India can achieve its vision of 'energy independence' by 2047, the year by which it aims to become a 'developed economy', according to a new study 'Pathways to Atmanirbhar Bharat' released by the U.S. Department of Energy’s Lawrence Berkeley National Laboratory (Berkeley Lab).
Examining India’s three most energy-intensive sectors (power, transport, and industry), the study determines that achieving "energy independence" will generate significant economic, environmental, and energy benefits. "This includes $2.5 trillion in consumer savings through 2047, reducing fossil fuel import expenditure by 90% or $240 billion per year by 2047, enhancing India’s industrial competitiveness globally, and enabling India’s net-zero commitment ahead of schedule."
India is the third largest energy consumer in the world and its energy demand will quadruple in the coming decades, thanks to the rapid economic growth.
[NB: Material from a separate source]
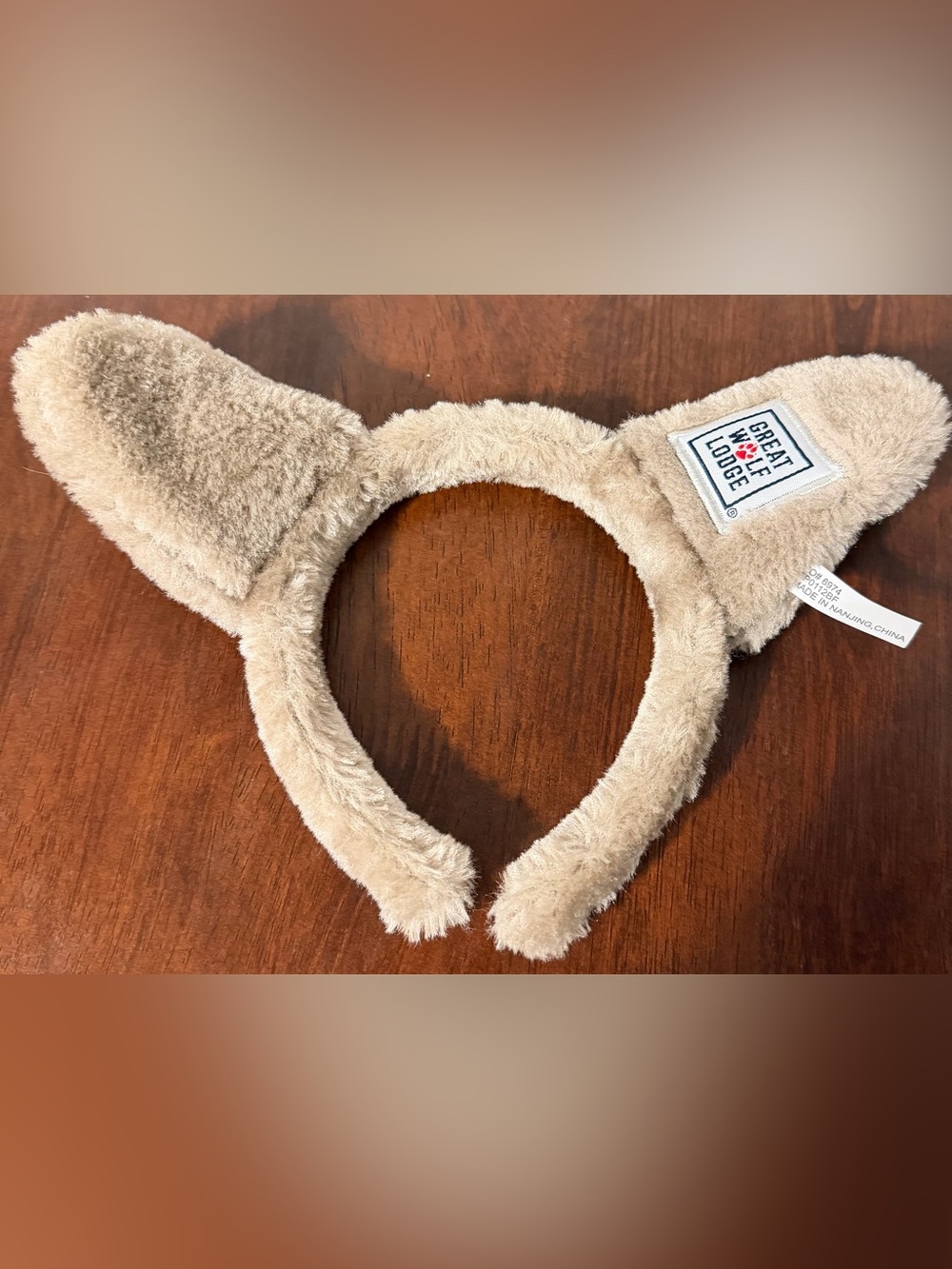 GREAT WOLF LODGE WOLF EARS BRAND NEW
Currently, it must import 90% of the oil, 80% of the industrial coal, and 40% of the natural gas it consumes. "Price and supply volatility in the global energy markets, as witnessed in recent years, strain India’s foreign exchange reserves, resulting in economy-wide inflation," says the report.
Notably, in the Union Budget 2023, the government announced an outlay of ₹19,700 crore for the Green Hydrogen Mission to facilitate transition of the economy to low carbon intensity, reduce dependence on fossil fuel imports. The target is to reach an annual production of 5 MMT by 2030, Union minister of new and renewable energy and power RK Singh said in Parliament last week.
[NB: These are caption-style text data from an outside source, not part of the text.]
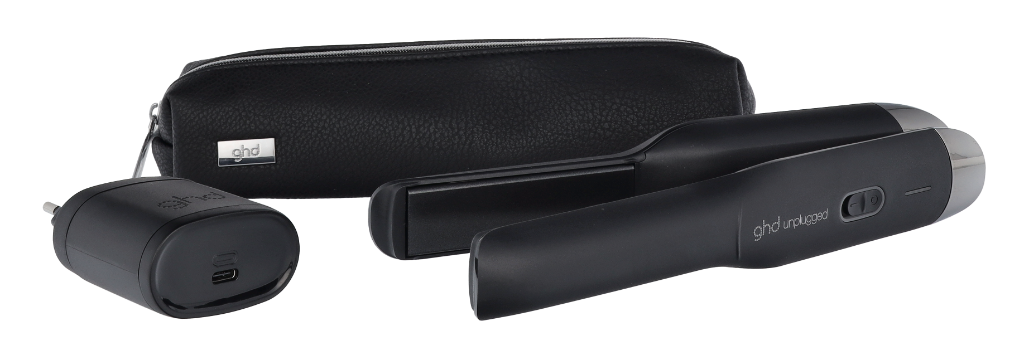 GHD Unplugged Styler - Black 1 piece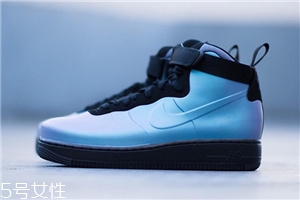 nike air force 1 foamposite噴泡af1上腳效果怎么樣？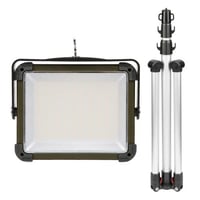 كشاف عمل DENX DX2332 متعدد الوظائف بقوة 180 واط وإ...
“The case for clean energy has never been stronger. India has achieved the world’s lowest renewable energy prices and has found some of the world’s largest lithium reserves,” said Nikit Abhyankar, Berkeley Lab scientist and the lead author of the study. “This can propel India towards cost-effective energy independence in a way that is economically and environmentally advantageous.”
The study shows that India’s energy independence pathway would involve the power sector installing more than 500 GW of non-fossil electricity generation capacity by 2030, a goal already announced by the government, followed by an 80% clean grid by 2040 and 90% by 2047.
Nearly 100% of new vehicle sales could be electric by 2035, forecasts the study, adding that heavy industrial production could shift primarily to green hydrogen and electrification: 90% of iron and steel, 90% of cement, and 100% of fertilisers by 2047.
The study finds that India has a unique advantage to leapfrog to a clean energy future since the bulk of its energy infrastructure has yet to be built. It says that India’s growing energy demand offers a significant runway of 15 years for the existing fossil energy assets to transition to clean energy, and that this transition will be important to do in concert with the most affected communities, ensuring an equitable transition for the country’s workforce.
Meanwhile, major steps taken by the government to accelerate the Indian economy’s transition to one powered by green energy include are permitting FDI (foreign direct investment) up to 100% under the automatic route for renewable energy proejcts; waiver of inter-state transmission system (ISTS) charges; and setting up of ultra mega renewable energy parks.